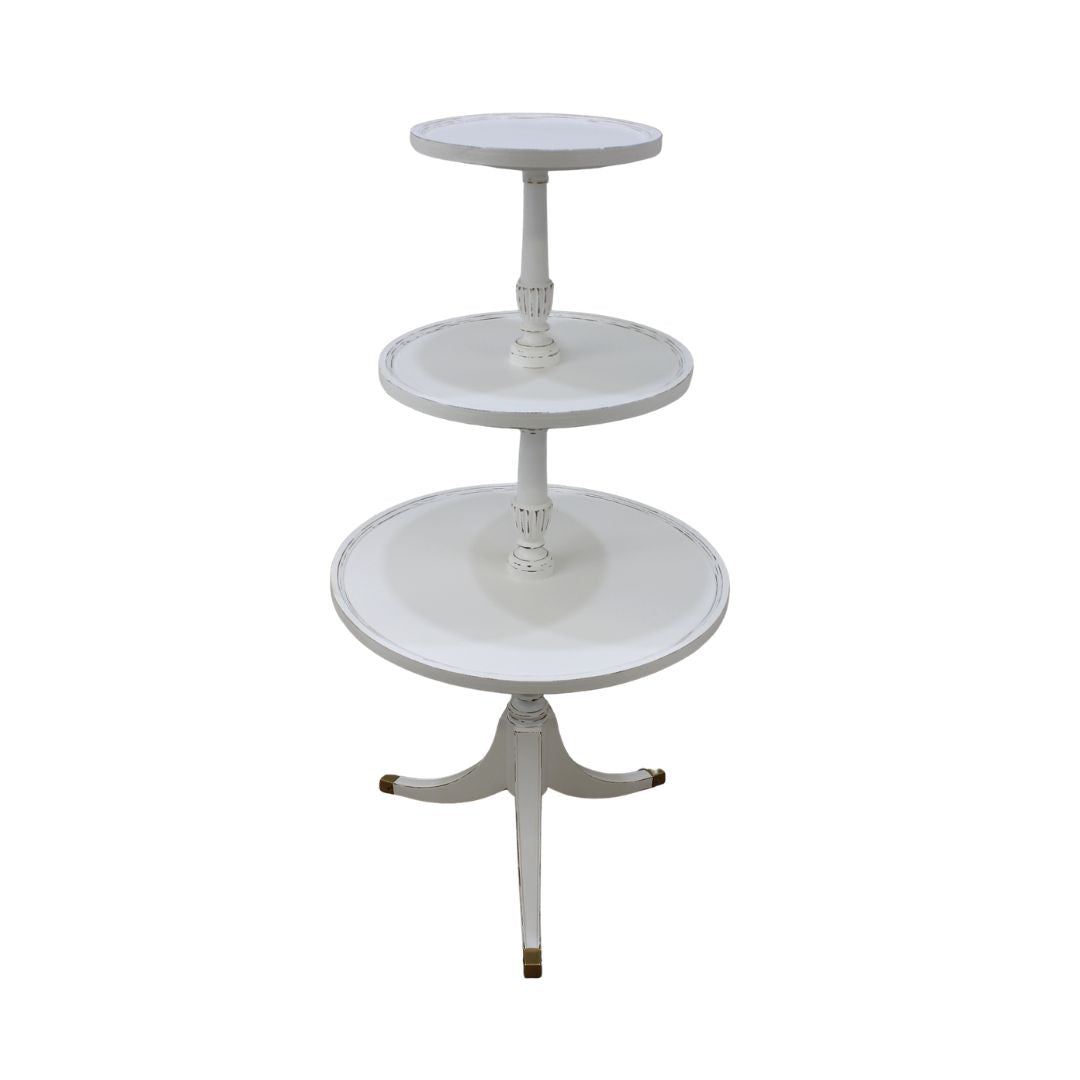 3 tiered round pedestal side table
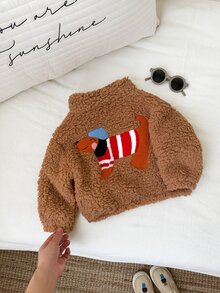 SHEIN 中性嬰兒男/女童、幼兒秋冬保暖內裡加厚休閒可愛棕色抓絨夾克，嬰兒冬季外套，填充外套，絎縫外套，聖誕節 - 巧克力棕 - 查看 4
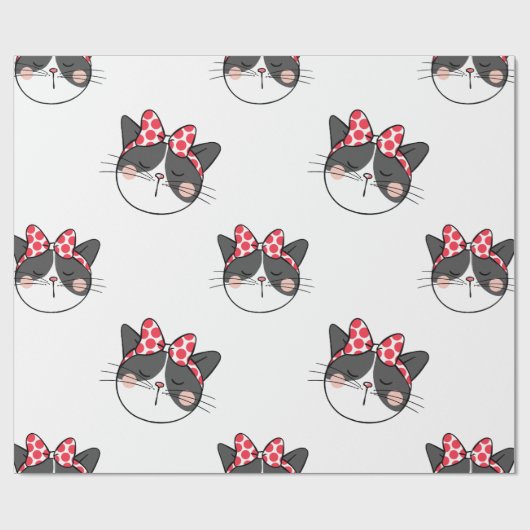 Blushing Cat Bow Cadeaupapier (Vlak)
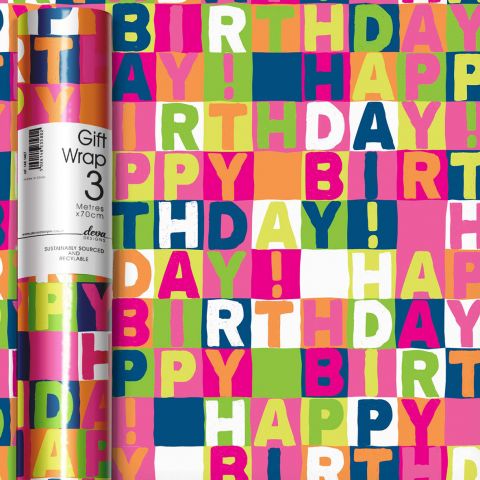 3M x 70CM Roll Wrap Neon Birthday Pink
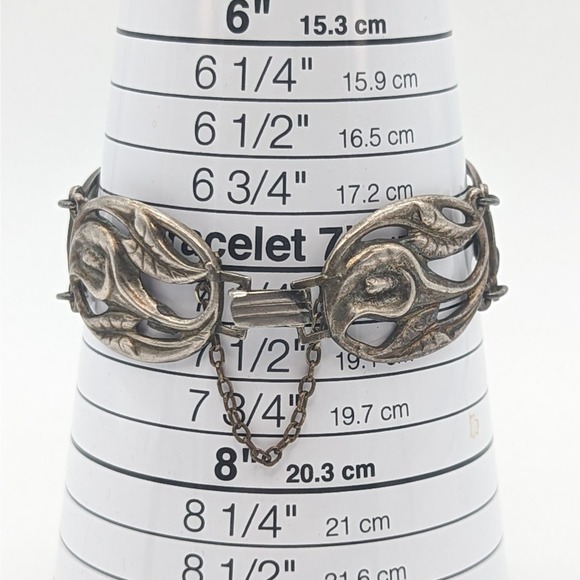 Vintage Danecraft Sterling Silver Calla Lily Bracelet w Added Chain Oxidized - Picture 6 of 13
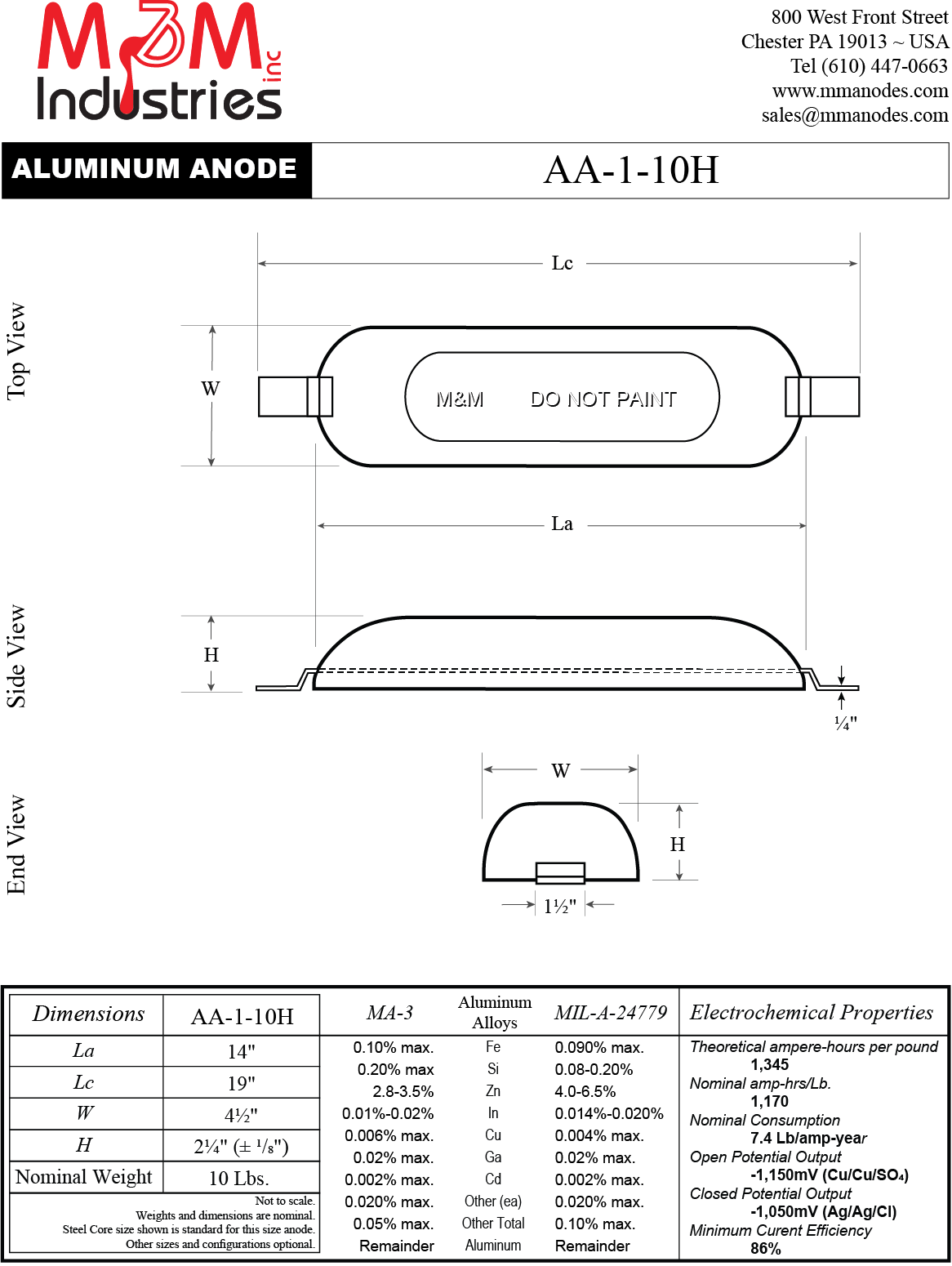 AA-1-10H Aluminum Sacrificial Anode, weld on style, Measuring 14″ x 4-½″ x 2-¼, MIL-A-24779 Aluminum Alloy, nominal weight of 10 lbs, Made in USA, Cathodic Protection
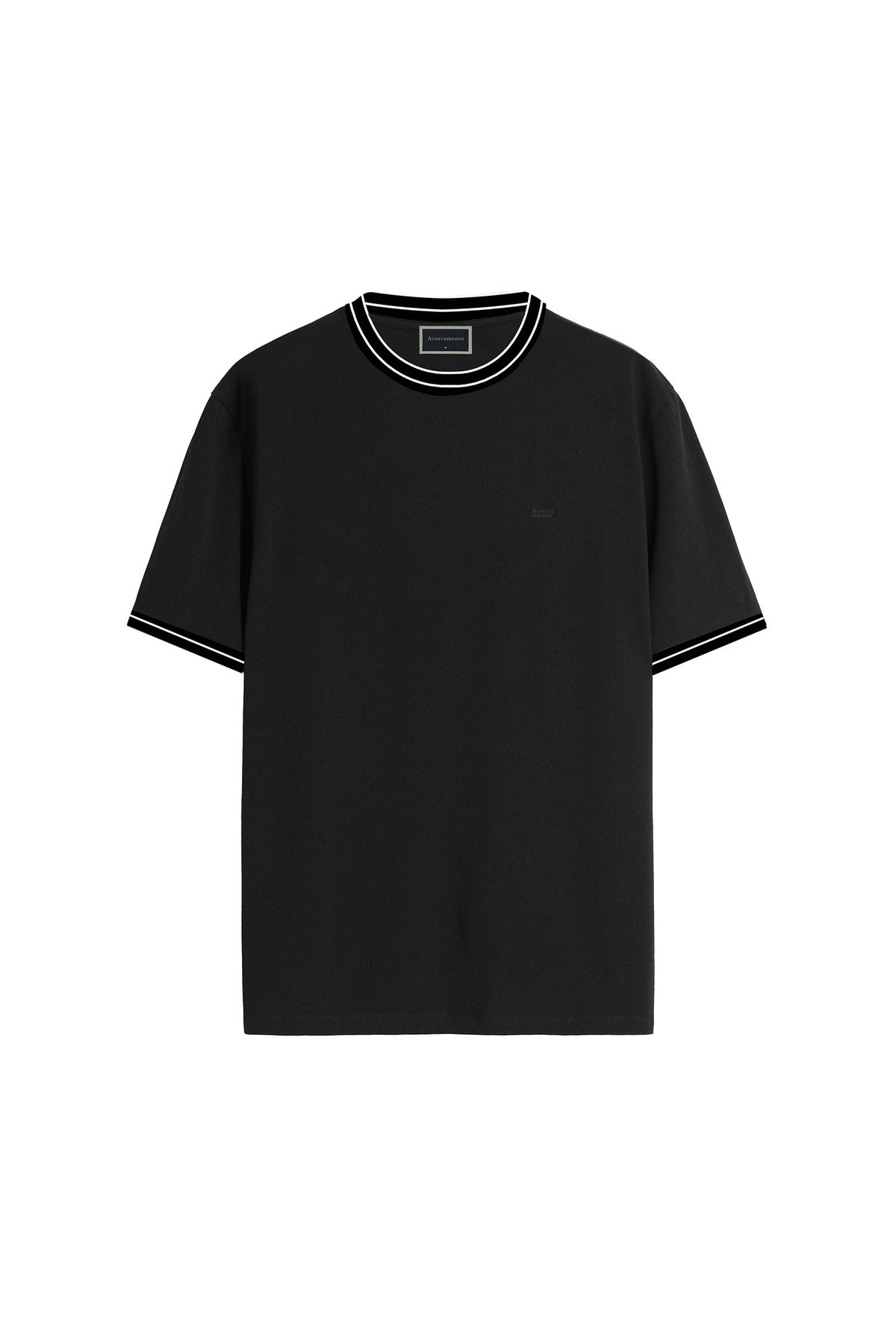 Camiseta Essencial Gola Frisos Masculina Acostamento Preto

• • •

TASK REQUIREMENTS
Using the entries above, transcribe every line from the line containing "SHEIN 中性嬰兒男/女童、幼兒秋冬保暖內裡加厚休閒可愛棕色抓絨夾克，嬰兒冬季外套，填充外套，絎縫外套，聖誕節 - 巧克力棕" through the line containing "Vintage Danecraft Sterling". Do not copy pictures.

WORKED SOLUTION
 SHEIN 中性嬰兒男/女童、幼兒秋冬保暖內裡加厚休閒可愛棕色抓絨夾克，嬰兒冬季外套，填充外套，絎縫外套，聖誕節 - 巧克力棕 - 查看 4
 Blushing Cat Bow Cadeaupapier (Vlak)
 3M x 70CM Roll Wrap Neon Birthday Pink
 Vintage Danecraft Sterling Silver Calla Lily Bracelet w Added Chain Oxidized - Picture 6 of 13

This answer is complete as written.